Strictly speaking it’s probably more fantasy than science fiction (and even veers towards horror in places) but that hardly matters – it’s an entertaining read, and more importantly it makes you think (the mark of good sci-fi? Discuss…). If you’ve ever enjoyed anything by Philip K Dick I’d recommend this, and if you haven’t, you could do much worse than start here.



  1. Have you read any of his short stories from the 50s? They are absolutely wonderful — especially, ‘The Preserving Machine.’

    What’s your favorite PKD novel? Have you read his early 60s work, ‘Martian Time-Slip’?

    1. I read the second volume of his collected short stories when I was 19 so I couldn’t tell you what was in it; I’ve also read bits of other volumes of short stories (I think my dad has the lot) so I’ve probably read most of his 1950s ones by now and I know I’ve enjoyed pretty much all of his short stories that I’ve read, it’s just his novels that I sometimes have a problem with.

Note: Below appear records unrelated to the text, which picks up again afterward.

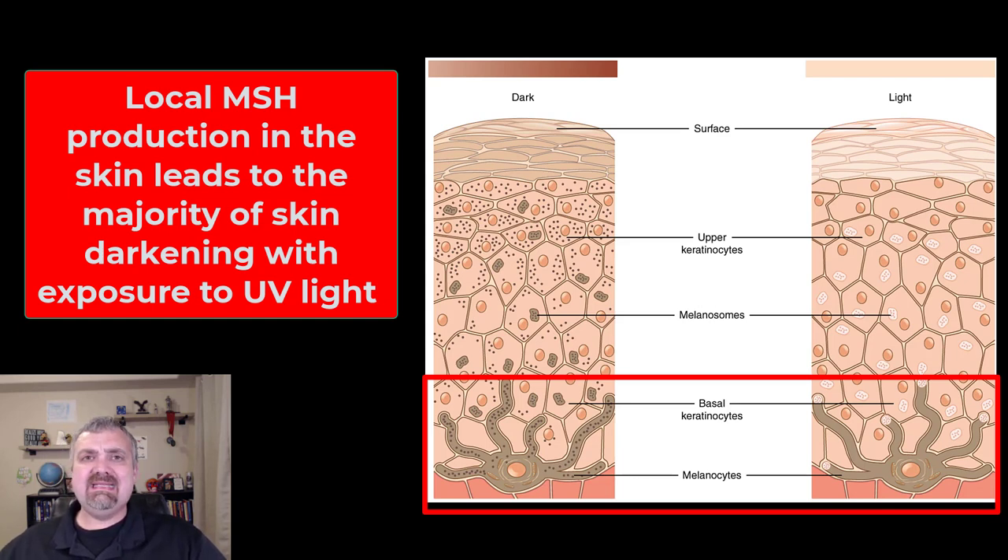Alright, that is melanocyte stimulating hormone. I hope this helps. Have a wonderful day. Be blessed.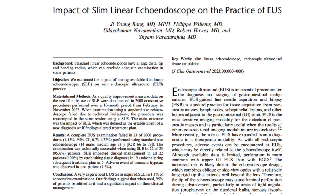We have recently published our prospective experience with the use of the slim linear echoendoscope in our clinical practice. In this video, we'll be outlining the relevance of our clinical findings.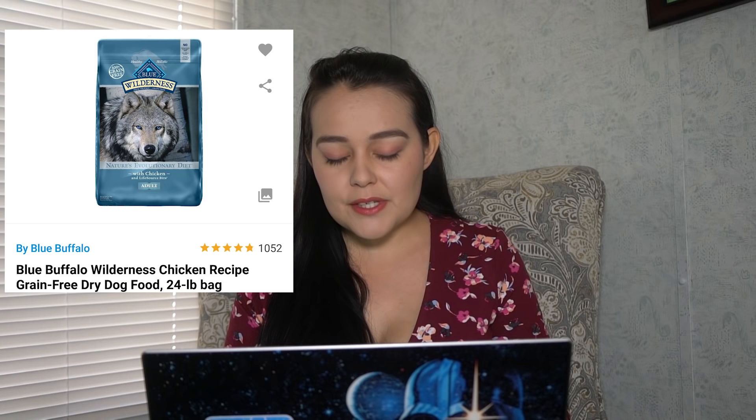First we'll be looking at Blue Buffalo Wilderness Chicken Recipe Grain Free Dry Dog Food. This is a 24-pound bag — it costs about $56 regular and $53 on Chewy, so the average works out to about $2.28 a pound. This is the most expensive brand we are going to be looking at today, so let's see how it does for being so expensive. The first thing that's concerning to me just by looking at this brand is the fact that they are advertising it as grain-free dog food.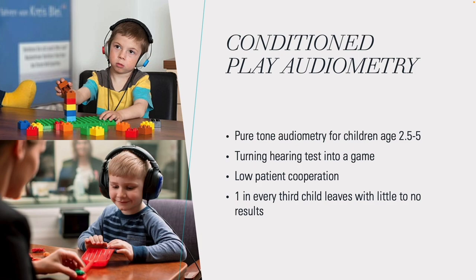The problem is that the analog methods currently in use suffer from low patient cooperation. At Copenhagen Hearing and Balance Center, one in every third child leaves with little to no results.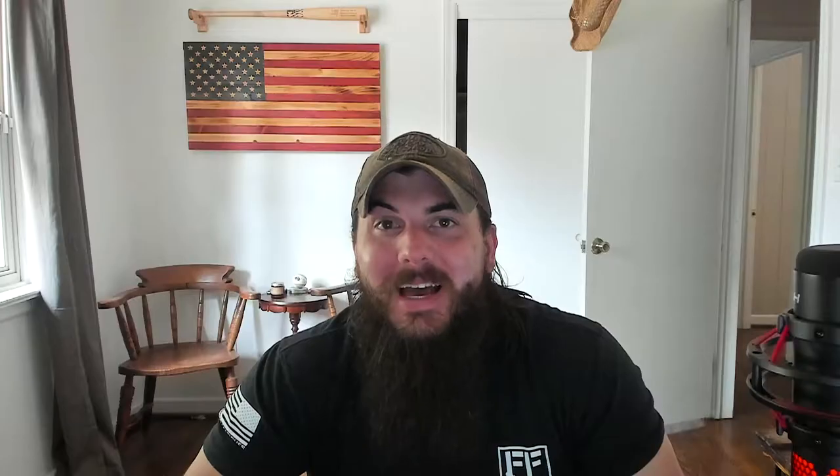Now there are a lot of different types of bags out there, so today I'm going to focus on more your everyday carry type stuff — things like tote bags, briefcases, backpacks, handbags and purses. I'm not going to cover luggage and travel bags or outdoor backpacks for camping. I'll make sure to hit those in future videos.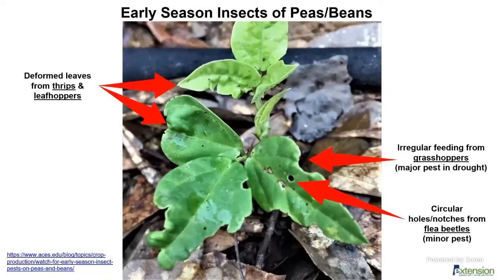For peas and beans, there's a nice bulletin on aces.edu — just type in 'insect pests of peas, beans' to download the publication with pictures. Multiple insects will feed on bean plants: thrips and leafhoppers cause leaf distortion, flea beetles make small holes, and grasshoppers cause irregular feeding. One plant can have multiple insects attacking it even when you don't see the insects. Scout in the early morning hours when insects are calm and feeding on the plants, because as the day heats up they jump off the plants and hide.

      Hmm, favourite novel – tricky one. It would probably be one of: A Maze of Death; Flow My Tears, The Policeman Said; or Eye in the Sky (though there are still some I haven’t read so that may change). I think The Man in the High Castle probably contained some of his best-drawn characters but it’s not got as interesting a plot (to me) as some of the others. I started reading Martian Time-Slip but the attitudes to the autistic boy really wound me up and I gave up; sometimes I grit my teeth and tell myself it’s the product of another age, depends what mood I’m in. I guess the thing with him having written so many, everyone’s got a different top 3 (well obviously not everyone, statistically speaking there must be some duplication…) thus allowing plenty of healthy debate.

  2. Yeah, the plot of The Man in the High Castle wasn’t the best…. In terms of relatively unknown works of his, check out The Galactic Pot Healer… Pot as in ceramics. It’s so funny… Not his best but definitely worth a look. I also suggest you check out his early work, The Man Who Japed (I wrote a review recently) — it really shows his promise — the novels before it aren’t that good, Solar Lotery, The World Jones Made — but the novels afterward!

    I still enjoy Martian Time-Slip…. Yes, the autistic boy but… His views towards women are pretty atrocious as well — but then again, PKD had five wives over the course of his life.